DATA PROVIDED:
####################
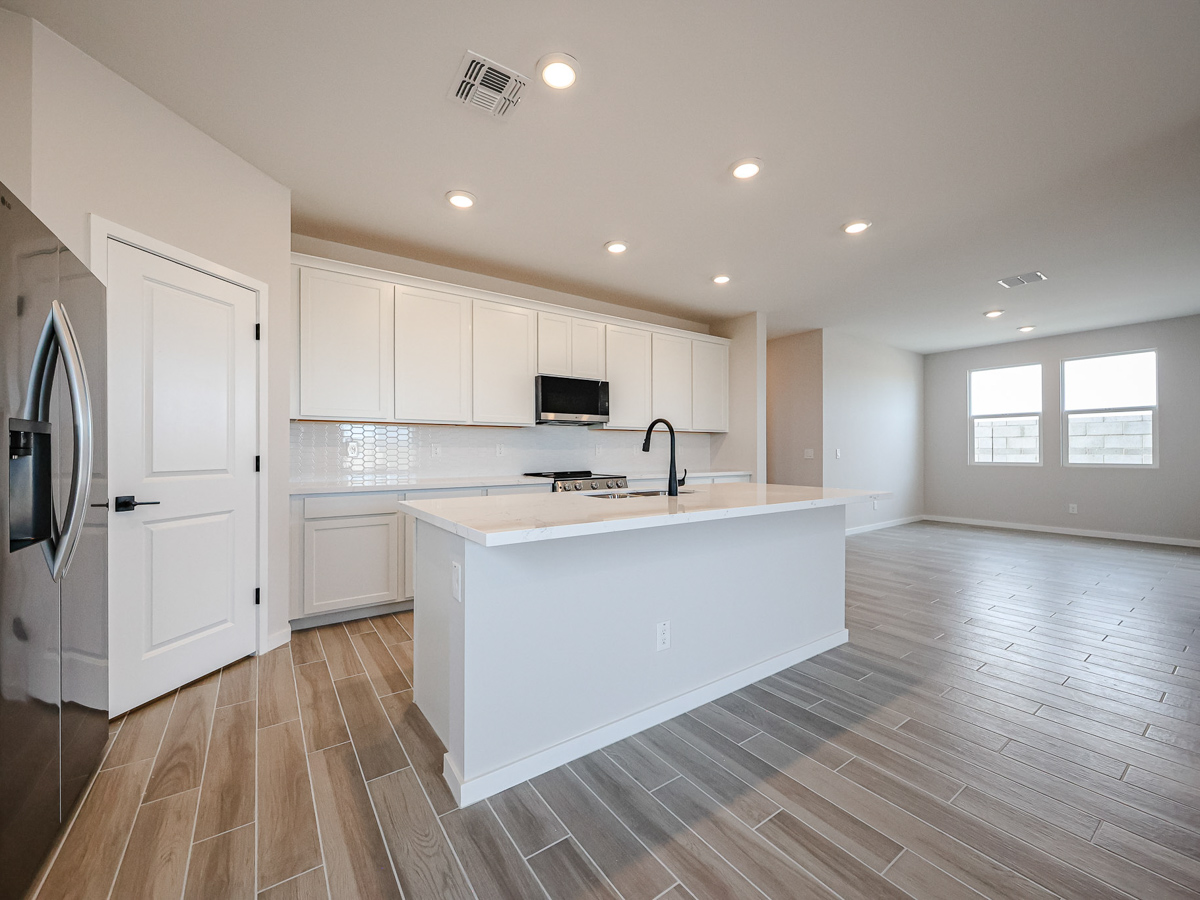 A kitchen with white cabinets.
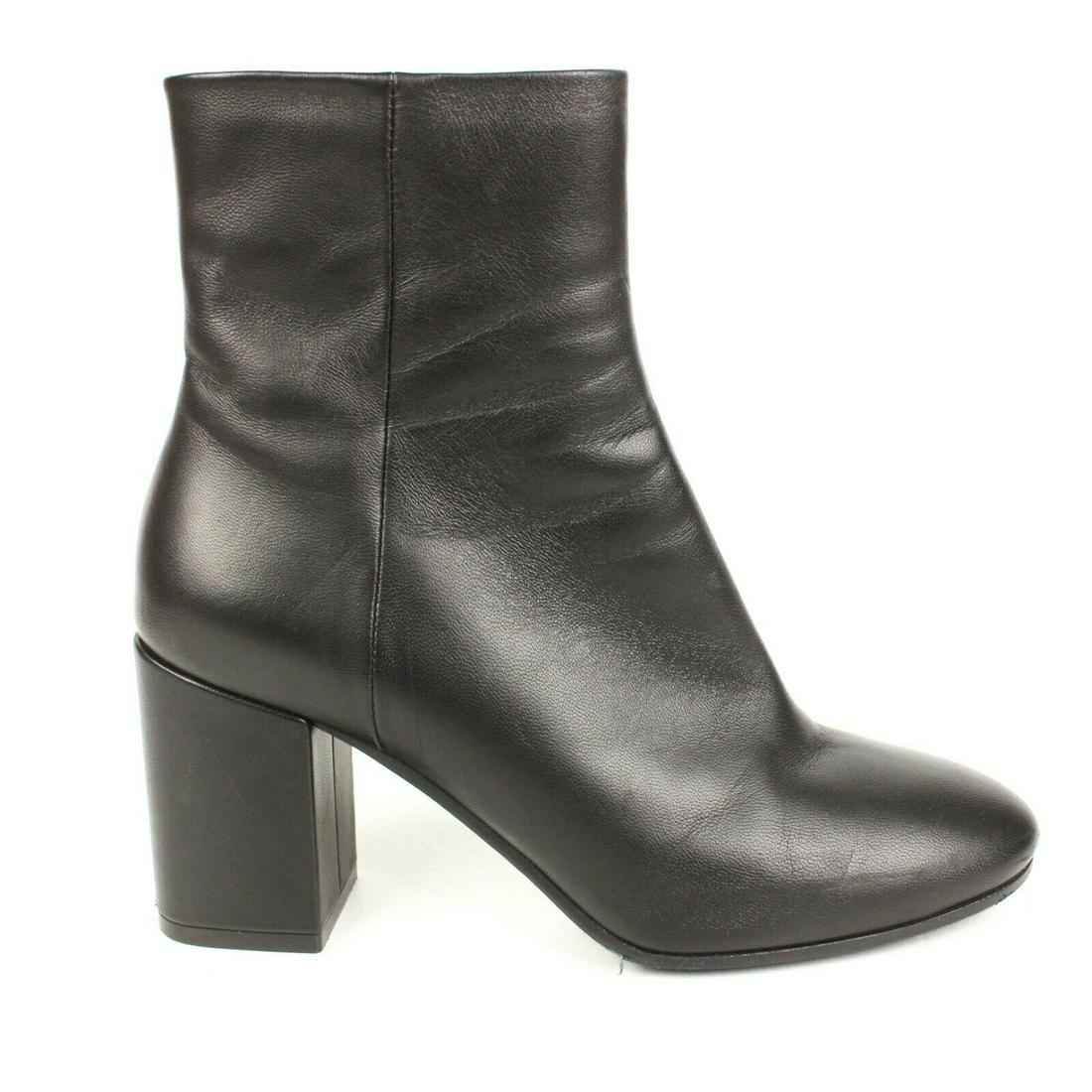 Balenciaga - Logo Block Heel Boots Size: US 6 - 36: Balenciaga - Logo Block Heel Boots Size: US 6 - 36 Color: Black Material: Leather ------------------------------------------------------------ Details: - zipper closure - round toe - block heel - item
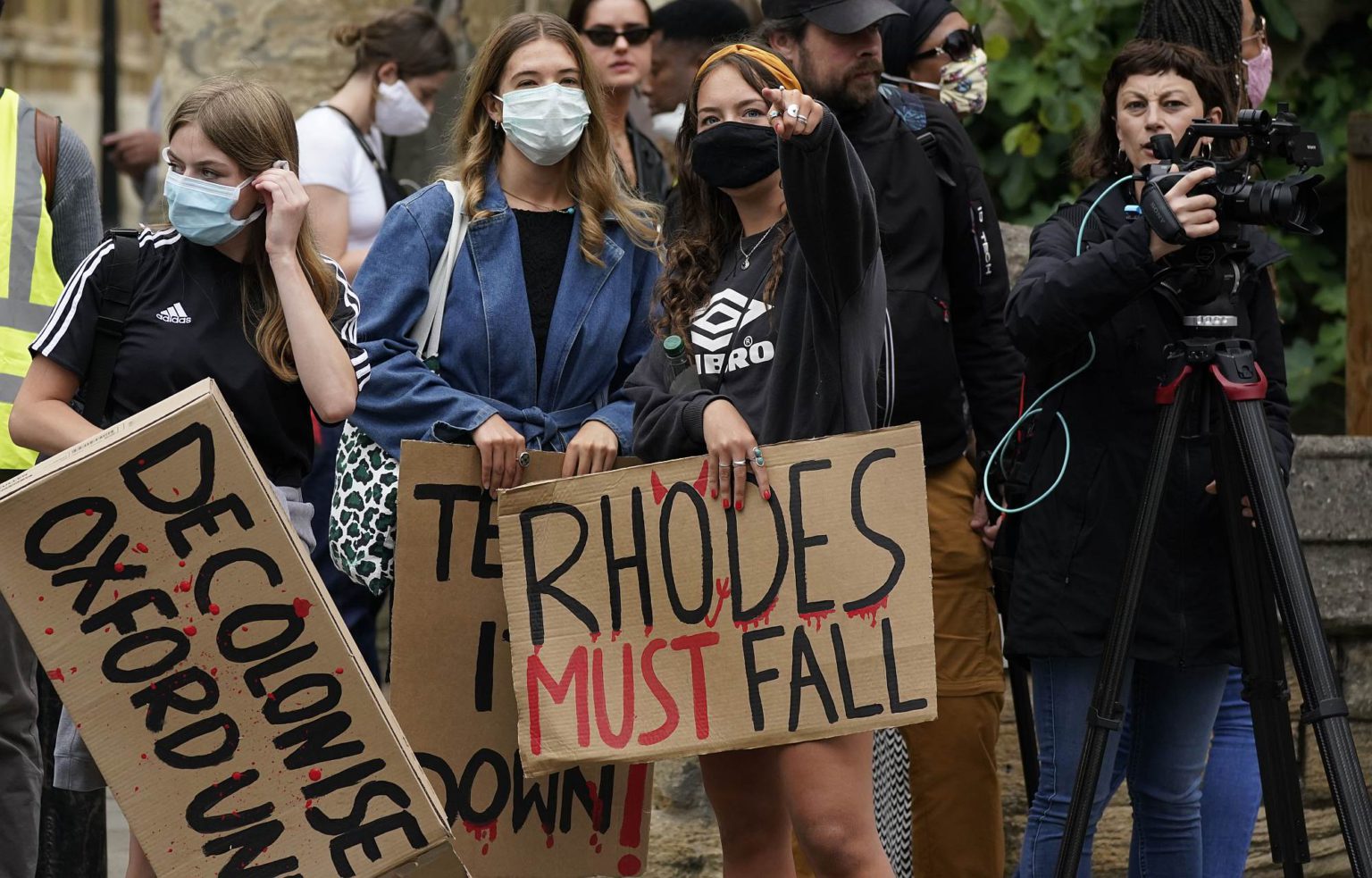 Demonstrators hold placards during a protest called by the Rhodes Must Fall campaign on 9 June 2020 in Oxford.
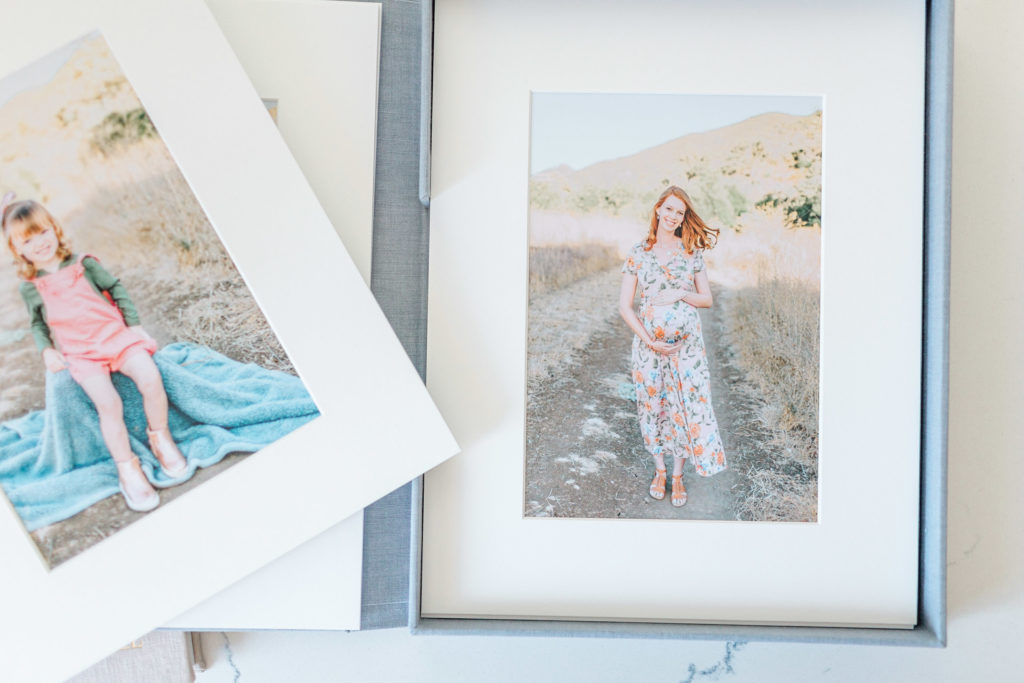photo of matted-photos with blue linen keepsake box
####################
THE TASK: Omit the pictures, then set down all the remaining data exactly as given.

ANSWER:
 A kitchen with white cabinets.
 Balenciaga - Logo Block Heel Boots Size: US 6 - 36: Balenciaga - Logo Block Heel Boots Size: US 6 - 36 Color: Black Material: Leather ------------------------------------------------------------ Details: - zipper closure - round toe - block heel - item
 Demonstrators hold placards during a protest called by the Rhodes Must Fall campaign on 9 June 2020 in Oxford.
photo of matted-photos with blue linen keepsake box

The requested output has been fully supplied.